Uma crítica completamente legítima, feita, não tanto ao conteúdo dos noticiários – e muito menos à liberdade de informar – mas a um registo que, na conhecida linha do jornalismo sensacionalista, tem ampliado a confusão e o alarmismo, em nada ajudando a responder ao problema e a serenar os cidadãos. Na verdade, a «Carta» era um apelo à consciência crítica de quem ali exerce o dever de informar, no sentido de, no contexto, definir uma posição menos agressiva e mais útil.
Admito que não me apercebi de imediato das reações de algumas das pessoas que se sentiram «atingidas» pelo documento em causa. A verdade é que, dada o tom acusatório e cansativo que cada vez mais assumem, quase deixei de ver os programas considerados informativos das televisões nacionais, pelo que essas reações me passaram ao lado. Tomei agora conhecimento de algumas delas e fiquei tristemente esclarecido. Na generalidade, não contestam os termos da «Carta», aos quais, na verdade, não dão qualquer resposta. O que fazem, isso sim, são inqualificáveis juízos de valor sobre a personalidade, as razões e os fundamentos dos seus autores e das suas autoras, acusando-os de pertencer a uma «esquerda retrógrada» com vontade de impor a «censura».

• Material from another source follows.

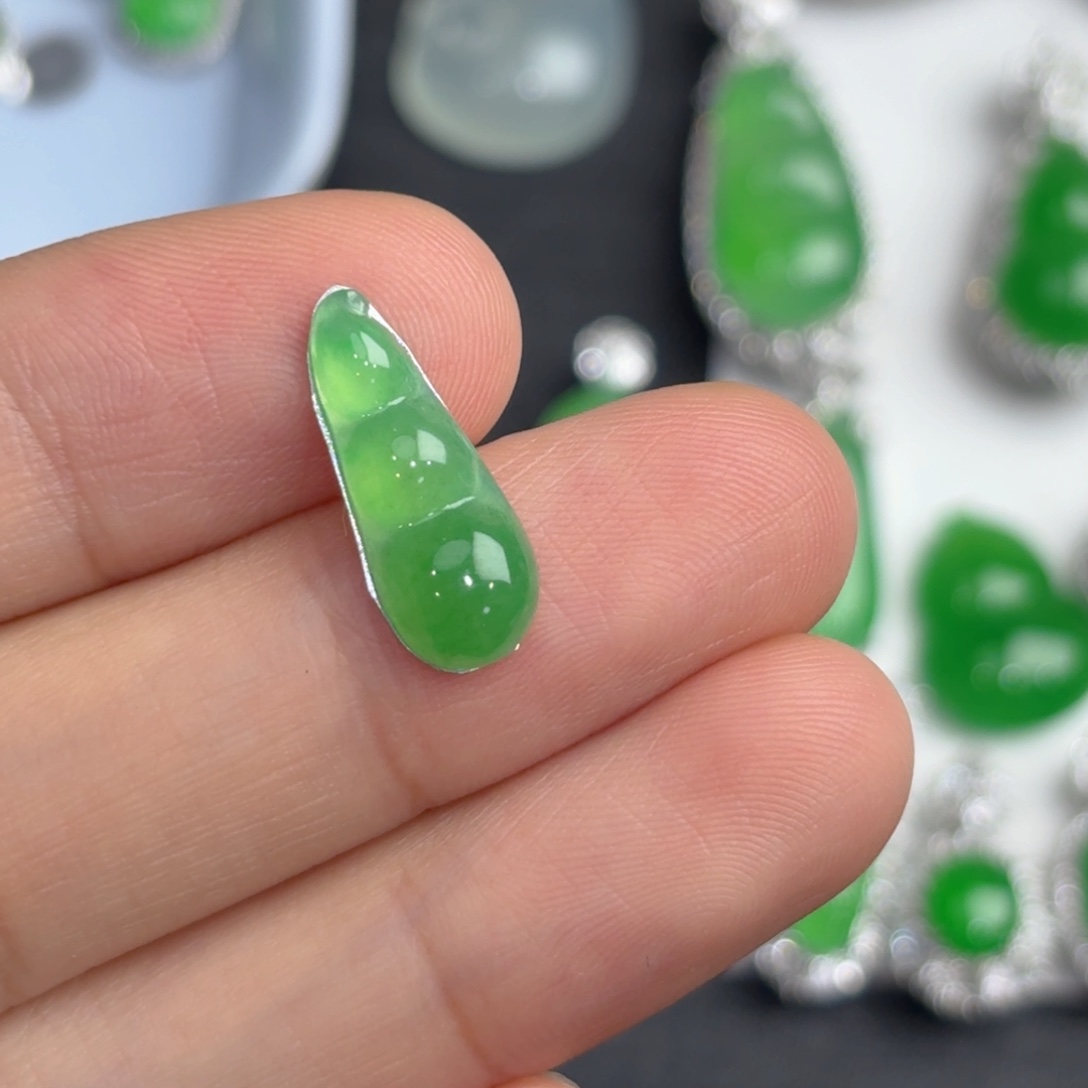 翡翠未镶嵌吊坠(不含链)福豆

Sem atender, no mínimo, a que boa parte são pessoas que há largas décadas, antes ainda da fundação da democracia, e com consequências para as suas vidas, foram vigiadas, punidas ou mesmo detidas pelas polícias do antigo regime, justamente por se bateram pela conquista da liberdade de opinião e de informação. E que algumas até têm mantido responsabilidades no campo da comunicação. Não escutei um único argumento no sentido do contraditório, mas apenas insultos e acusações. Por uma vez sirvo-me do mesmo padrão de «argumentos»: vindas de onde vêm, não admira que nessas palavras se confunda a liberdade com a insídia.